Однажды, когда он ушел, я стала рыться в том мусоре, которым было завалено помещение, предшествующее моему пеналу. Я надеялась найти там что-нибудь, чтобы убить время. Но там был один хлам — корпус от компьютера, коробки, обрывки всего и ничего. Я не обнаружила ничего интересного.
Тогда мне опять пришла в голову идея написать домой. Он согласился — очевидно, ему это было все равно, ведь он эти письма никуда не отправлял. Мне кажется, я написала пять или шесть, но следователи потом обнаружили только три. Под его матрасом. Я себя спрашивала потом, что он собирался с ними делать, вклеить в альбом? Или посмеяться над моим беспомощным состоянием?
Согласно моему календарю, во второй раз я написала 9 июля. То письмо пропало. Не знаю, что он с ним сделал, во всяком случае, он его прочел и, видимо, был единственным, кто это письмо видел. Я все еще ждала ответа от моих родителей, ждала освобождения, и у меня в голове все перемешалось по поводу так называемого зла, которое мой отец причинил так называемому шефу. Иногда тот, которого в письмах я называла «человек, который стережет меня», делал намеки на то, что между отцом и шефом были какие-то денежные отношения. Порой он говорил: «Твой отец плохо поступил с шефом». Мои бесконечные вопросы, мои слезы вызывали с его стороны лишь угрозы, и разговор становился невозможен. «Заткнись! Прекрати плакать!»

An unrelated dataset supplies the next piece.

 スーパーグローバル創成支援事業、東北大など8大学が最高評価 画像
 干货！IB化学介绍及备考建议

Он сообщал мне новости. Я не могла предположить, что он просто пользуется моими детскими вопросами из письма, чтобы сообщить мне несколько фраз, которые мать якобы передала через посредника, которому поручалось передать мои послания «в ее собственные руки».
Я описывала как могла то, что он заставлял меня выносить, и моя мать отвечала, что я должна быть любезной с ним, уступать ему во всем, что он от меня требует, потому что если я буду его раздражать, то он отдаст меня кому-нибудь другому, который будет меня мучить. В двенадцать лет очень трудно понять подобные вещи. Но как я могла полюбить то, что он со мной вытворял? Как уступить ему, когда инстинктивно я могла его только отталкивать? Была также мысль о том, что мои родители покинули меня и «смирились с тем, что больше меня не увидят». В итоге я расплачивалась за «вину моего отца», и моя семья согласилась пожертвовать мною, вместо того чтобы заплатить три миллиона. И это ужасное промывание мозгов продолжалось более месяца. И оно подействовало до конца.

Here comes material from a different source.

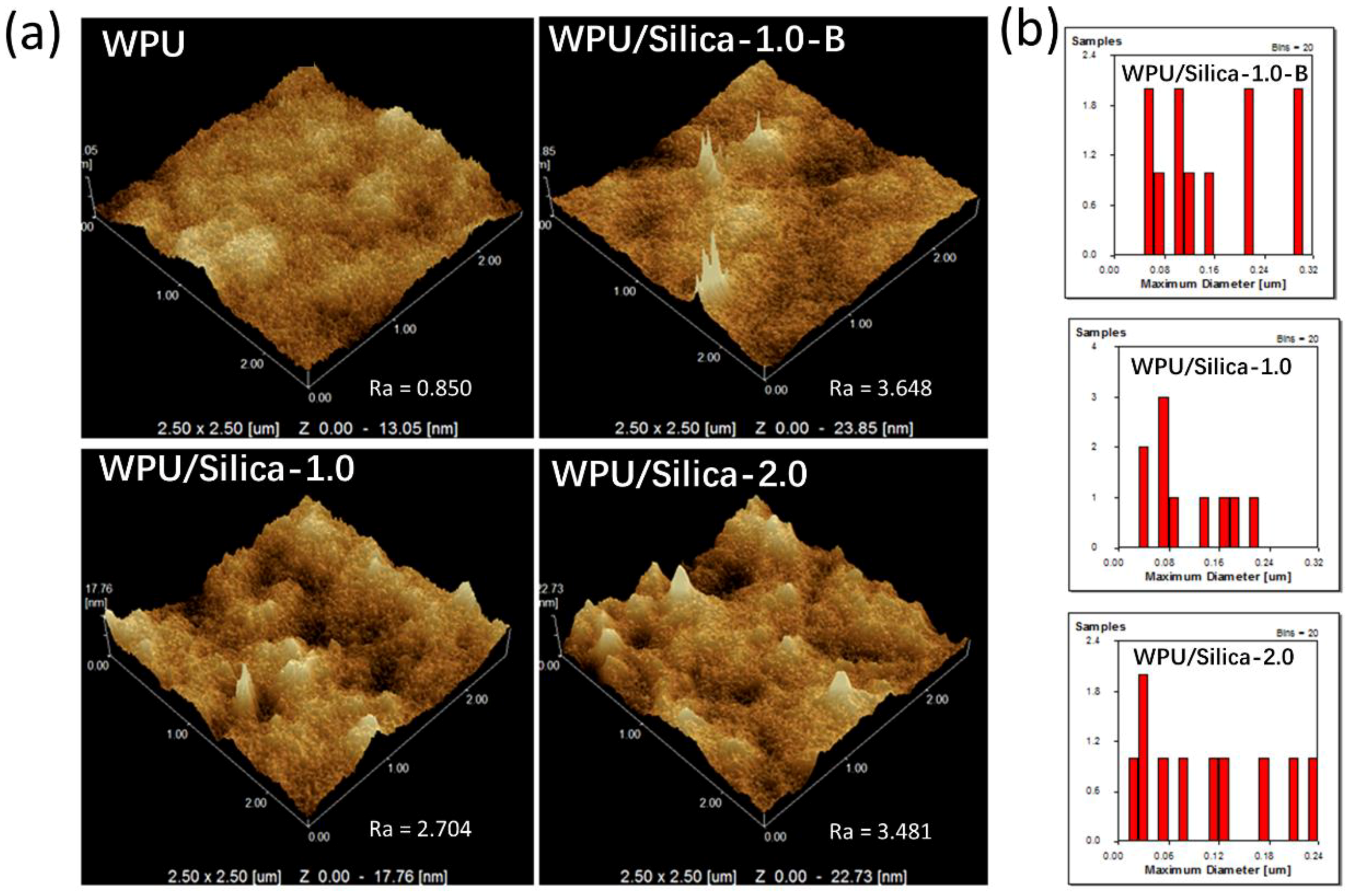 Polymers 10 00514 g005 550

Я старалась замечать вокруг все больше и больше, чтобы понять, где именно я нахожусь.
В комнате-голгофе я попробовала посмотреть в щелку в оконной шторе. Я увидела железную дорогу, и то немногое, что я могла разглядеть, представляло не слишком-то радостную картину.
Ключи от двери в первой комнате возбуждали меня еще больше, потому что ему случалось оставлять их в замке. Это непреодолимое желание открыть, чтобы увидеть, узнать… очень раздражает, когда тебя где-то заперли и у тебя нет никаких внешних ориентиров. Где были дома банды? А где дом шефа? За нами? Вокруг нас? Куда шли эти поезда? Откуда они приходили?
Наверное, он хотел произвести на меня впечатление, демонстрируя свое оружие, или убедить меня, что он способен эффективно защитить меня. Однажды он вытащил пистолет из бельевой корзины, стоявшей на высоте трех метров на кухонном шкафу, в первой комнате дома, напротив входной двери. Во всяком случае, ему нечего было бояться, я бы его никогда не достала. Хотя мой отец и был жандармом, у меня были очень смутные понятия об этих вещах.
— И для чего он нужен, этот пистолет?
— Иногда сюда заходят странные люди, вот для чего.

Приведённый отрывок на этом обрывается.